Mindfulness has become a buzzword in the corporate world. Google, Starbucks, and many other corporate behemoths wish to infuse it in their employees to reengage them. In many ways this approach to mindfulness may be mindless. It assumes that people are resources and that you need to get the MOST out of them. This viewpoint also often assumes that employees do not want to bring themselves to the task. This may be, of course, for a good reason. People easily feel taken advantage of and sense manipulation.
One way to use mindfulness as a manager is foster multiple ways of understanding human motivation. This socio-cognitive form of mindfulness pioneered by Harvard psychologist Ellen Langer does not require spending money on meditation retreats or Yoga instructors (even though that cannot hurt). It simply requires you to be open to multiple options of understanding human action. It allows you to question your current mindset rather than jump to quick conclusions. When managers are more mindful, consequences for the workplace are drastic.
Yet, in many corporations managers are induced to be mindless. They imbibe a cultural narrative that portrays people as mere instruments to advance team or corporate goals. The labels for employees vary from human resources to human assets, to human capital. Managers get rewarded based on achieving corporate goals making the most of these resources, assets or capital. To do that, they easily resort to a very generic approach to motivate employees. Our economics classes teach us that we need incentives to work. Our general corporate culture reinforces the view that all we want is more: more money, more status, more visibility, and reputation. To engage people we then hand out rewards, such as retreats, money, or best-employee awards.
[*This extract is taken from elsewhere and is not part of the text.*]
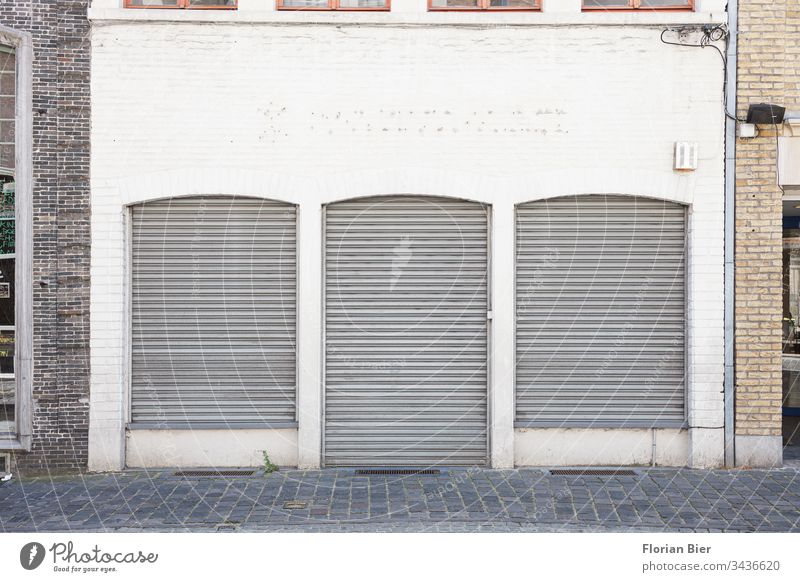 Closed shop with lowered shutters in an ancient façade business Store premises roller shutter Crisis Window Door Retail sector Facade Cobblestones brick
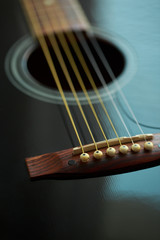 Strings of acoustic guitar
By being more mindful we can step back and draw on different insights about human behaviour. According to an evolutionist perspective we can see that our species has not survived by looking out to be top dog and having more than others. Rather, we have survived because we can cooperate and form community. Paul Lawrence calls this an independent drive to bond that we need to satisfy, in order to feel human. Paul Lawrence points to another key source of human motivation, which he labels the drive to comprehend. Accordingly, we survived because we used our increased brain size to make sense of the world in abstract ways and created tools. The main point of this perspective is that all of our four independent drives (the drives to Acquire, Bond, Comprehend and Defend) need to be satisfied in balance, none of them maximised.
Let’s see: I am managing employee X. He has decided he is underpaid and raises a ruckus. He refuses to collaborate on simple tasks like providing feedback on product specifications. Giving him more money may seem like the only way to approach the situation given the prevailing mindset (and given that you wish to keep him).
With a more mindful approach, however, one could try to understand why he feels underpaid. In fact the conversation of money may indeed be symbolic of a deeper sense of not feeling valued as a person within the group. There may be easy fixes to that conundrum like making sure managers provide outlets for authentic human bonding, and true co-creation of meaningful job tasks. There may be more difficult cultural and personal reasons that make him defiant.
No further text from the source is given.